EXERCISE DESCRIPTION >> Transcribe the data underneath exactly. No images belong in your version.

INPUT MATERIAL >>
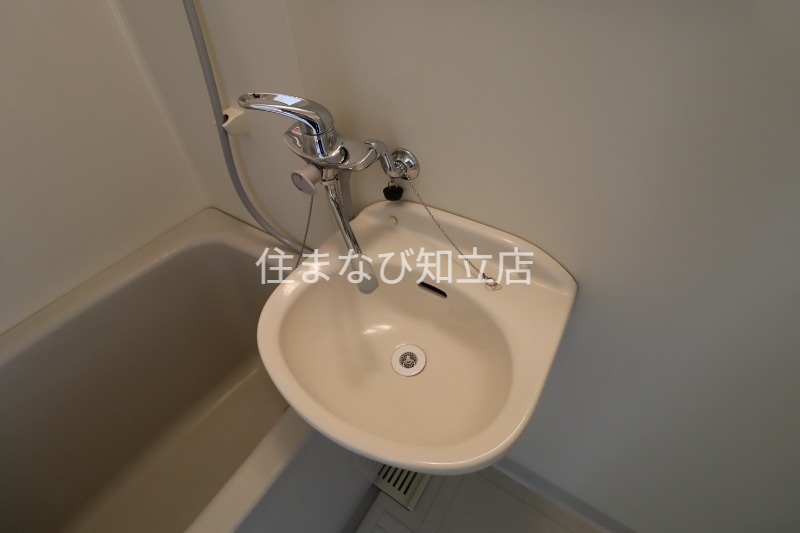 洗面設備　同型別部屋写真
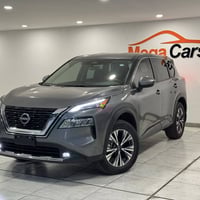 نيسان روج 2023 موصفات SV السعر 158 فقط ماشي 96 mi الضرر جاملغ وربع باب...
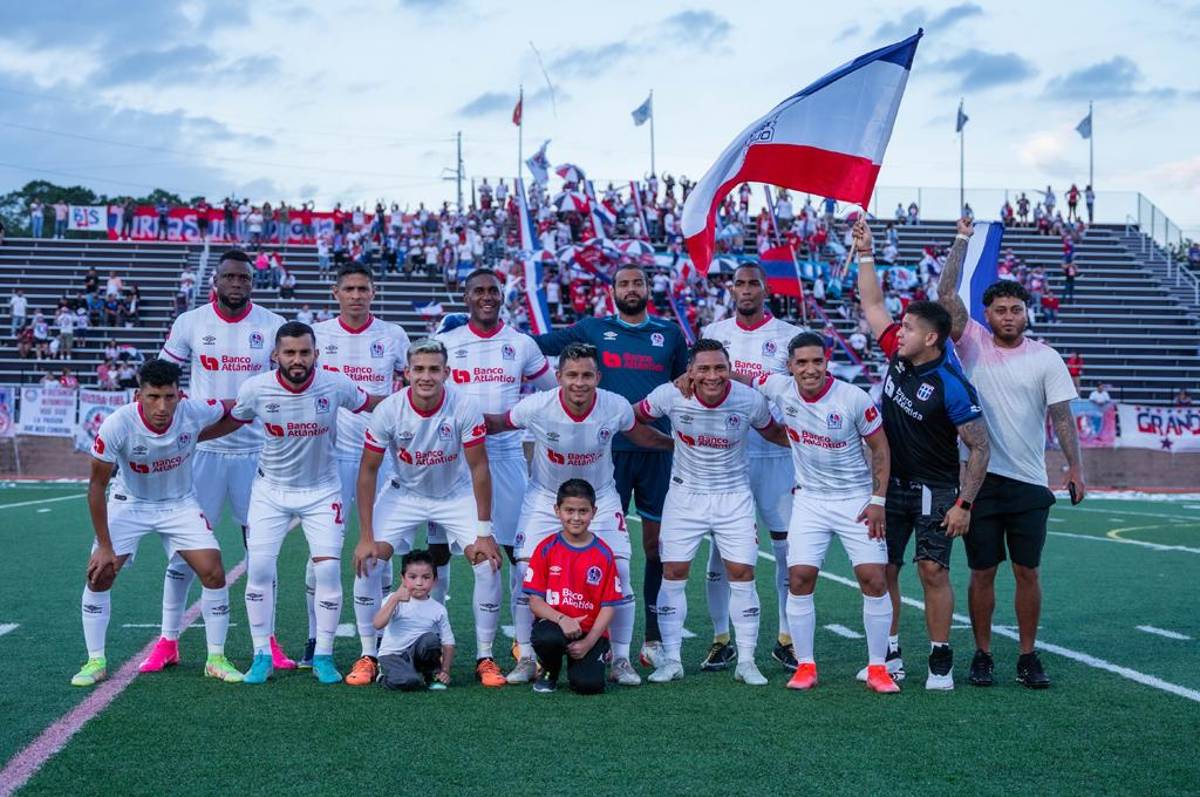 Gran ambiente en el primer partido de Olimpia en su gira por Estados Unidos: Carlo Costly enfrentó a su ex y fue ovacionado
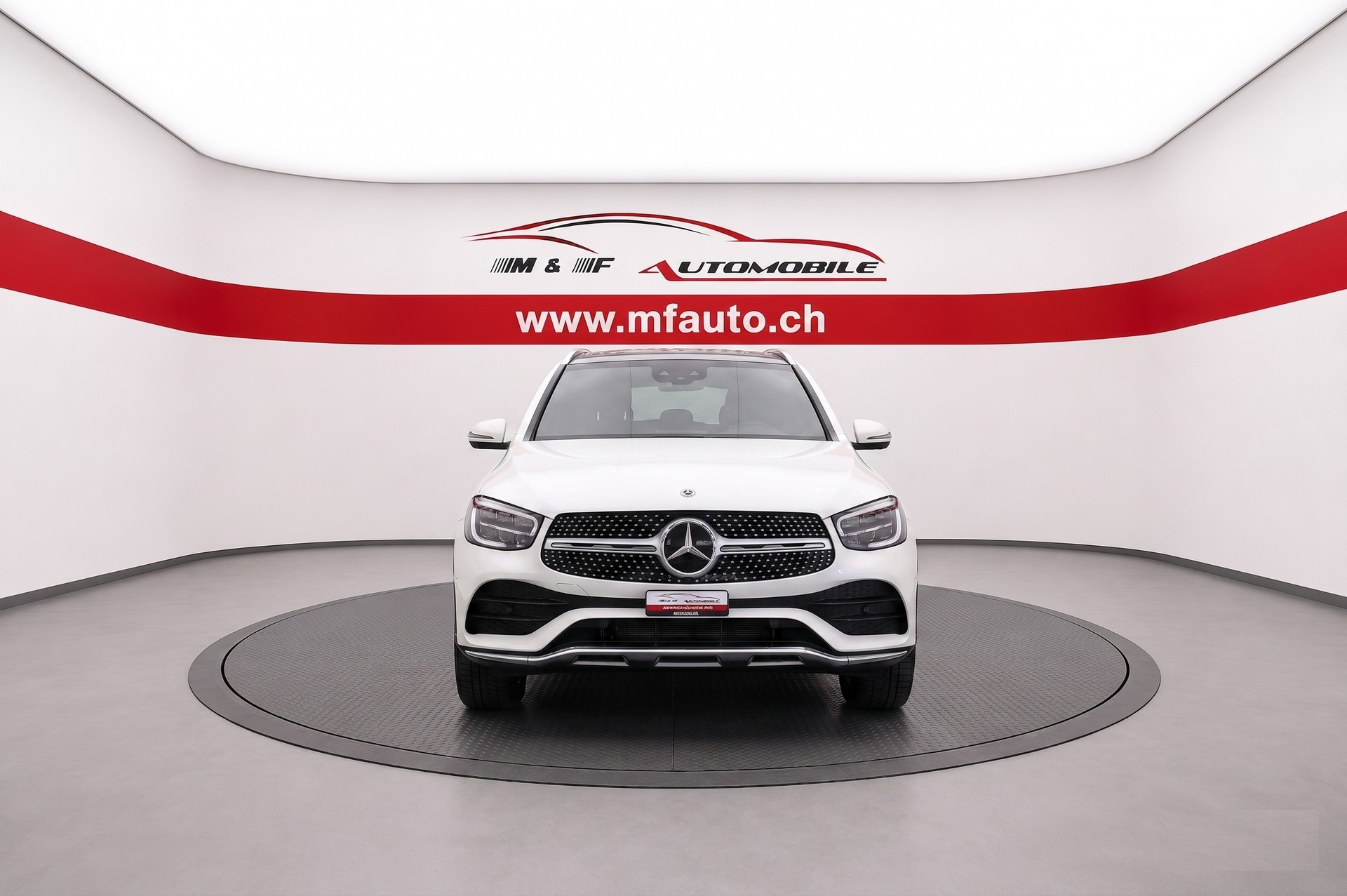 MERCEDES-BENZ GLC 300 e AMG Line 4m CH FAHRZEUG-image-2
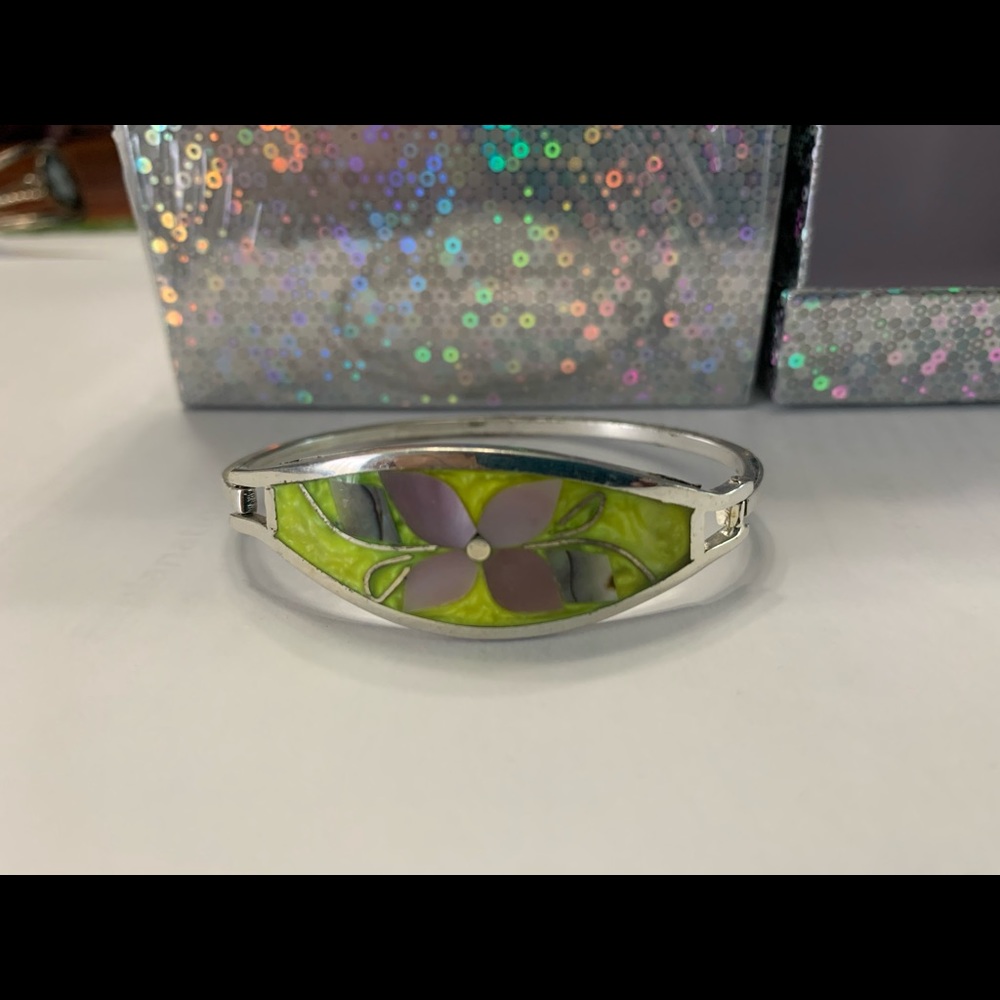 Alpaca lime green elegant bracelet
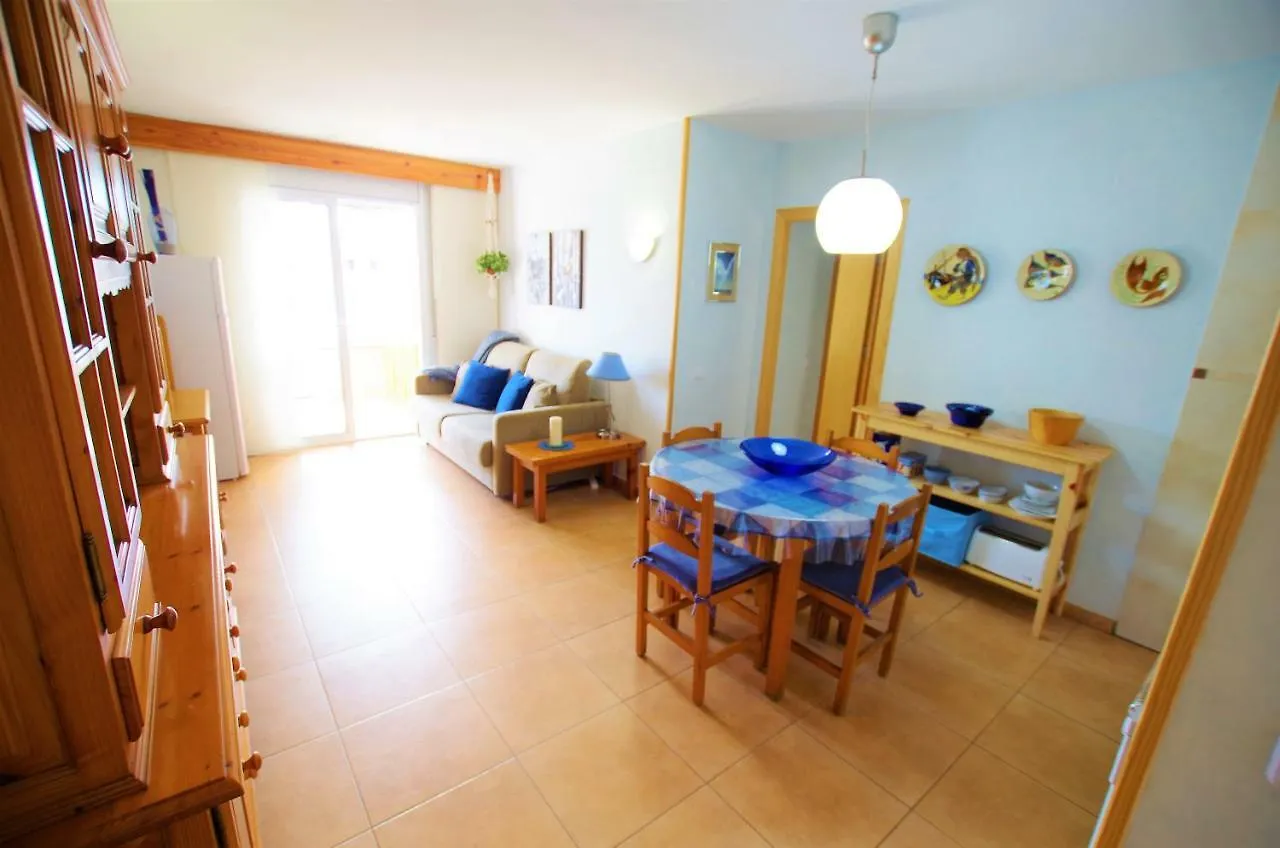 V&V Lloret: Blau Apartment with Pool and Parking Lloret de Mar Spain
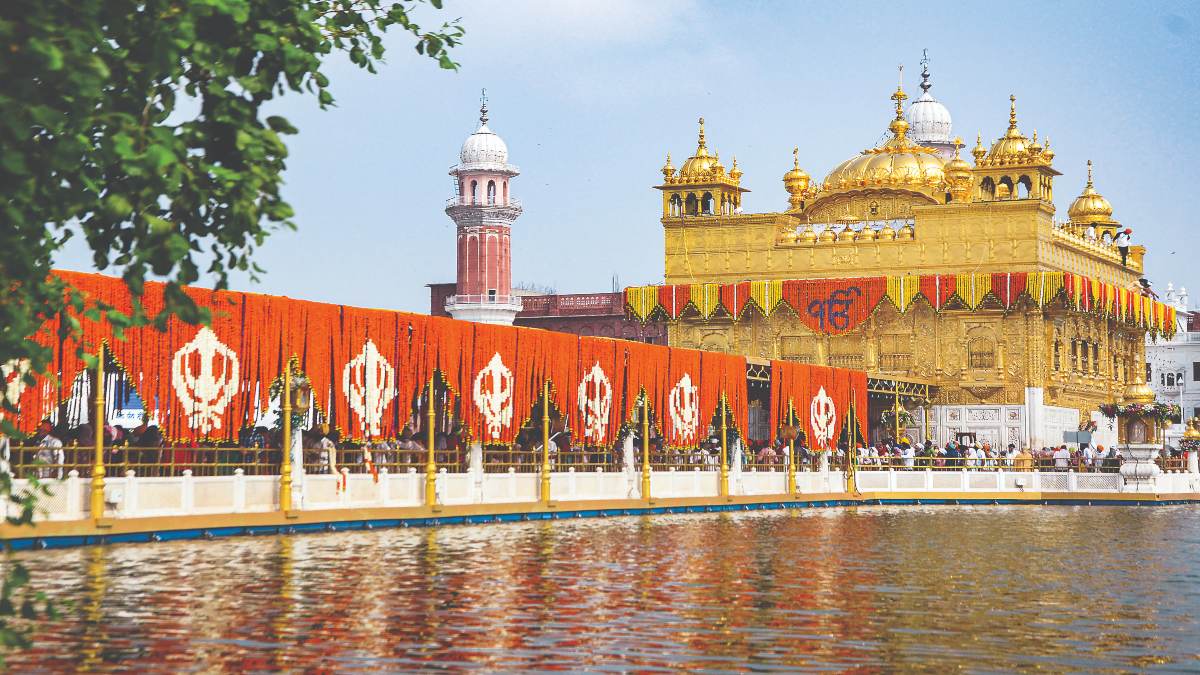 श्री गुरु ग्रंथ साहिब जी के पहले प्रकाश पर्व पर शहर में उमड़ा आध्यात्मिक उत्साह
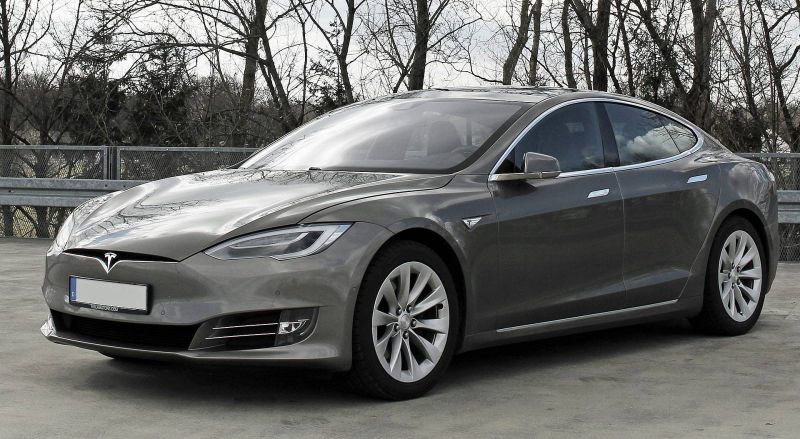 Dojezd elektromobilů se stále zvyšuje, Tesla Model S již nabízí 658 km!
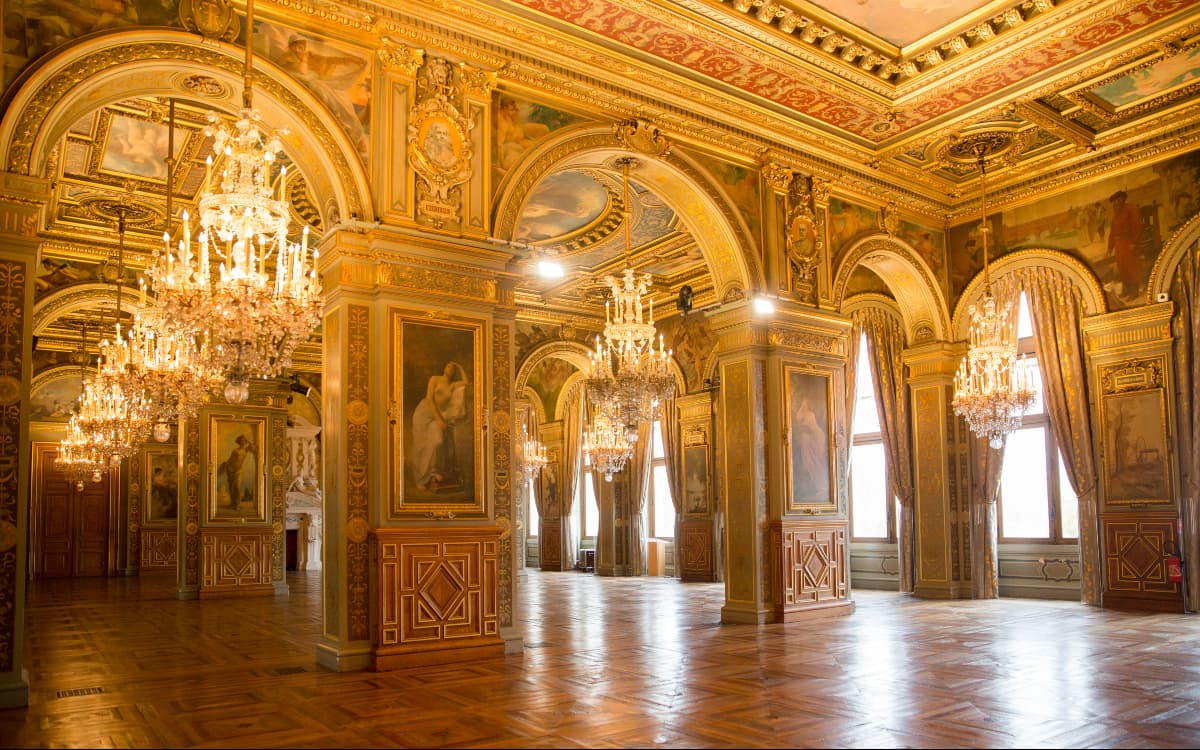 Salle des Arcades de l'Hôtel de Ville.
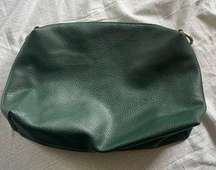 Excellent Condition NWOT  Hunter Green Cluth Bag/Purse w Gold Hardware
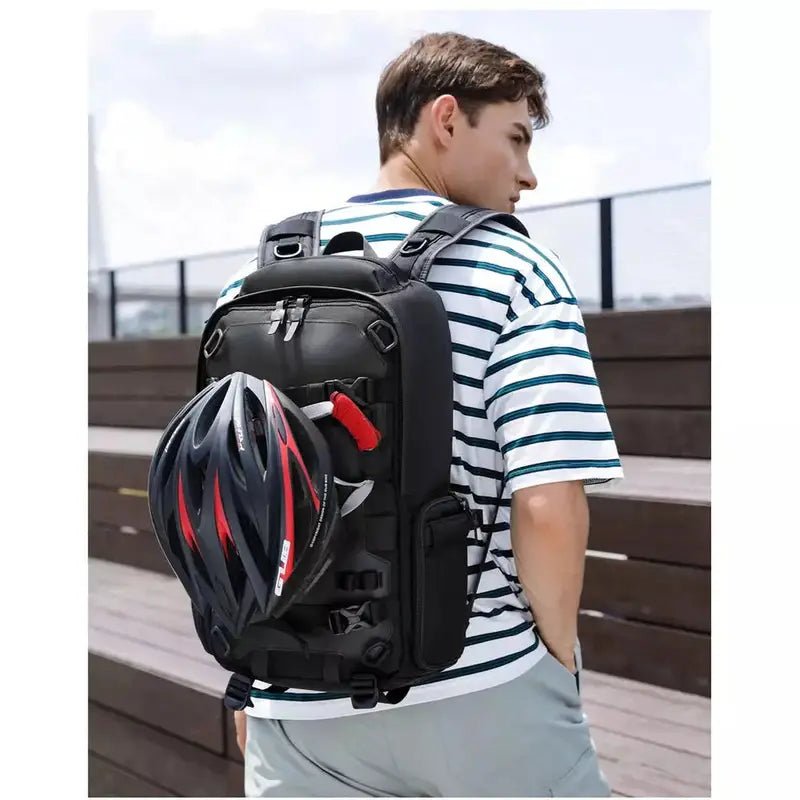 Sac à dos pratique noir avec fixation externe pour casque, idéal pour les voyageurs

OUTPUT >>
 洗面設備　同型別部屋写真
 نيسان روج 2023 موصفات SV السعر 158 فقط ماشي 96 mi الضرر جاملغ وربع باب...
 Gran ambiente en el primer partido de Olimpia en su gira por Estados Unidos: Carlo Costly enfrentó a su ex y fue ovacionado
 MERCEDES-BENZ GLC 300 e AMG Line 4m CH FAHRZEUG-image-2
 Alpaca lime green elegant bracelet
 V&V Lloret: Blau Apartment with Pool and Parking Lloret de Mar Spain
 श्री गुरु ग्रंथ साहिब जी के पहले प्रकाश पर्व पर शहर में उमड़ा आध्यात्मिक उत्साह
 Dojezd elektromobilů se stále zvyšuje, Tesla Model S již nabízí 658 km!
 Salle des Arcades de l'Hôtel de Ville.
 Excellent Condition NWOT  Hunter Green Cluth Bag/Purse w Gold Hardware
 Sac à dos pratique noir avec fixation externe pour casque, idéal pour les voyageurs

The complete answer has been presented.